- [GOAL OF THE EXERCISE]: Print the records below exactly, from the line containing "Tarım, alan Salamanca, İspanya" down to the line containing "Framed Trees in", both lines included, and omit every picture.

- [INPUT RECORDS]:

◆ ◆ ◆ ◆ ◆

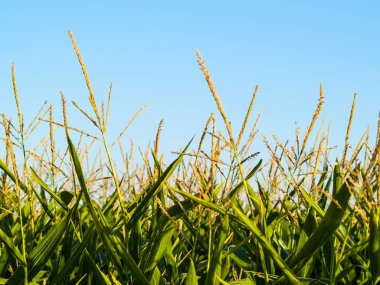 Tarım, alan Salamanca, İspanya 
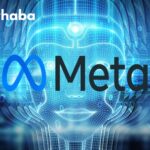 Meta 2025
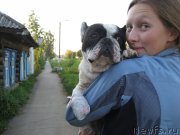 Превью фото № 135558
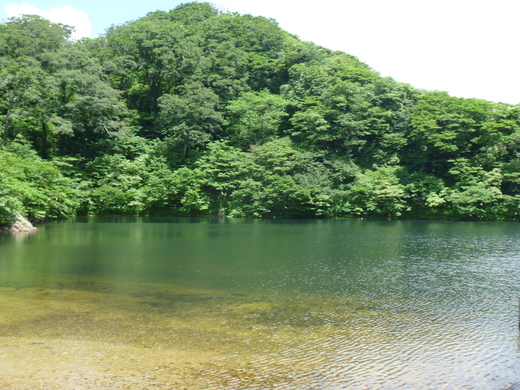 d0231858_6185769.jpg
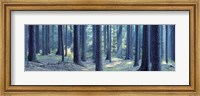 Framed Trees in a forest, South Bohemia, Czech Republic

◆ ◆ ◆ ◆ ◆

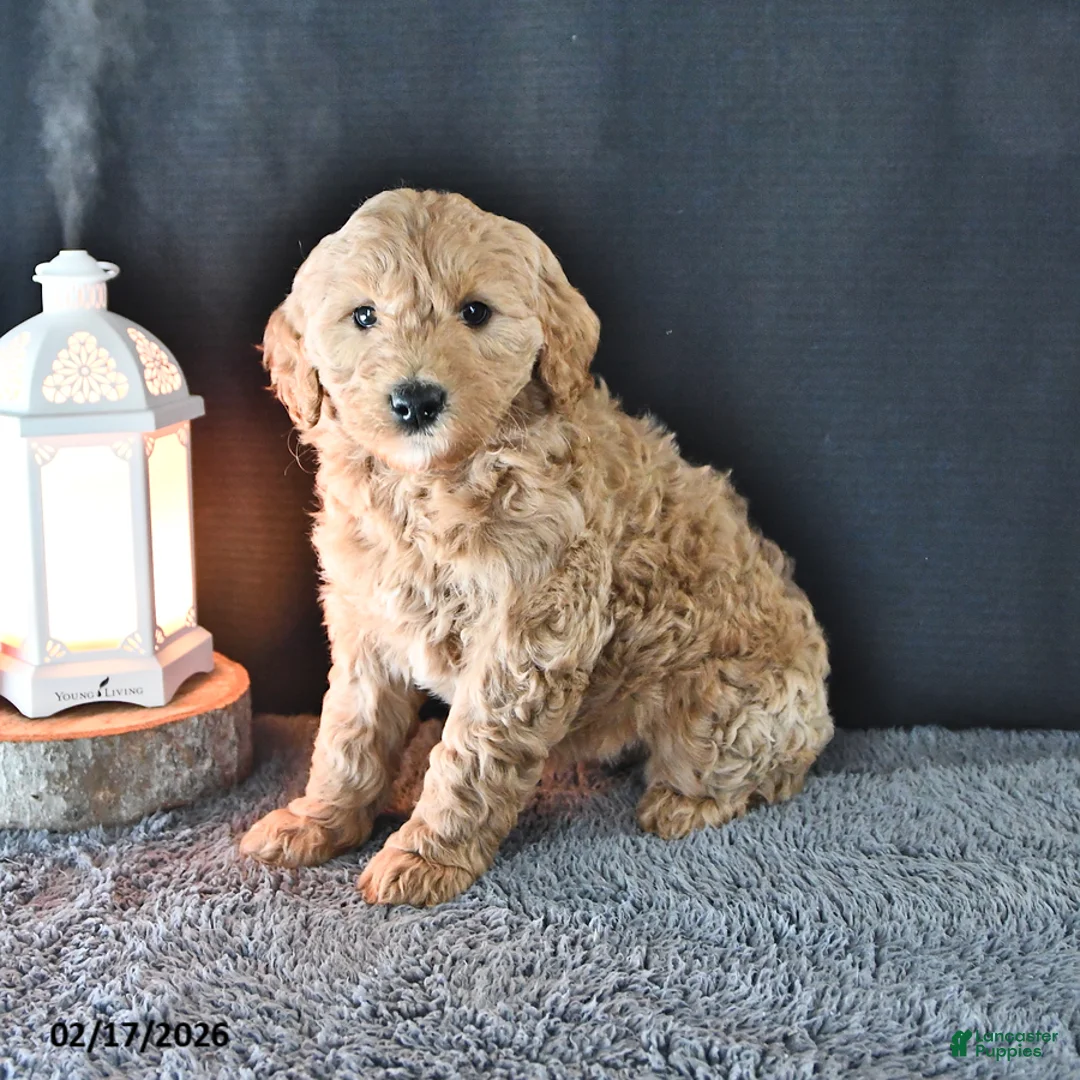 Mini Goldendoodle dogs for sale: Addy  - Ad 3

◆ ◆ ◆ ◆ ◆

- [REPLY]:
 Tarım, alan Salamanca, İspanya 
 Meta 2025
 Превью фото № 135558
 d0231858_6185769.jpg
 Framed Trees in a forest, South Bohemia, Czech Republic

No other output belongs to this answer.